I just wanted to bring it to your attention. I can relocate the issue if it is more relevant here. For your convenience, the issue description is reproduced here:
Running llama-cpp-python against llama.cpp compiled after b5912, in b5913, results in:
llama.cpp/src/llama-kv-cache-unified.cpp:222: GGML_ASSERT(seq_id >= 0 && (size_t) seq_id < seq_to_stream.size()) failed
It appears to be a regression in sequence ID handling or unified KV cache logic affecting external bindings. This is consistent with the heavy work done on the kv-cache to prepare K/V buffers for separation in b5913.
NOTE: llama-cli runs successfully, but running llama-cpp-python against llama.cpp with the same model fails.

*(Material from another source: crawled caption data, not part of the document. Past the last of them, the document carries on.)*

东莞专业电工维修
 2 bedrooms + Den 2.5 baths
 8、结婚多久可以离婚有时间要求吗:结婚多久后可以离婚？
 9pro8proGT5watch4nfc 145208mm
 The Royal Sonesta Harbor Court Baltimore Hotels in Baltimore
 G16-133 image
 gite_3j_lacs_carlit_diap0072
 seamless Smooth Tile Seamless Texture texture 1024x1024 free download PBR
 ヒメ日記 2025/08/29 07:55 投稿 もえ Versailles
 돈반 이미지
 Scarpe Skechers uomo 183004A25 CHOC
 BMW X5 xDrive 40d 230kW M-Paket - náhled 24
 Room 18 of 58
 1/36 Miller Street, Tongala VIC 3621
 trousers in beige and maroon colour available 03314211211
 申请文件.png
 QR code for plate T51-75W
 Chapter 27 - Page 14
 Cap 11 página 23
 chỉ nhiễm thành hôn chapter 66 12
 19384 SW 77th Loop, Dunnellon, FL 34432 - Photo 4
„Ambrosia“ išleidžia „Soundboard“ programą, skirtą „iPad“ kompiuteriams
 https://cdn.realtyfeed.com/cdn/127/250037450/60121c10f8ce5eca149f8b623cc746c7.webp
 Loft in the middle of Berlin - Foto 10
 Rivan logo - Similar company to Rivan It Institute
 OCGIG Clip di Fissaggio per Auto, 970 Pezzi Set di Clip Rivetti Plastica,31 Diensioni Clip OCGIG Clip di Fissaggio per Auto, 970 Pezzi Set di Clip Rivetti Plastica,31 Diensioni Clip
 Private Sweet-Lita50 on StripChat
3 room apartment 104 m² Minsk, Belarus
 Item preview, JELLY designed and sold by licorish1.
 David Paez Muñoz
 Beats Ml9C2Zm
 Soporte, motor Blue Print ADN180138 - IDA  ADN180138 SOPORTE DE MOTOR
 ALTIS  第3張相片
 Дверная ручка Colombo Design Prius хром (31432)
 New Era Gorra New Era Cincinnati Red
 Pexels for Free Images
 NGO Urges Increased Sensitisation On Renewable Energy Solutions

You can try my fork code, https://github.com/JamePeng/llama-cpp-python/commit/8d981f0455b3adabf46417e3f9304ca6b70357ed this commit had fixed this problem!
@akarasulu I believe this was fixed by @iamlemec and should be live in the recent 0.3.15 release
The ASSERT code has been updated in llama.cpp (seq_id==-1 has been added). You can try to update the version of \vendor\llama.cpp.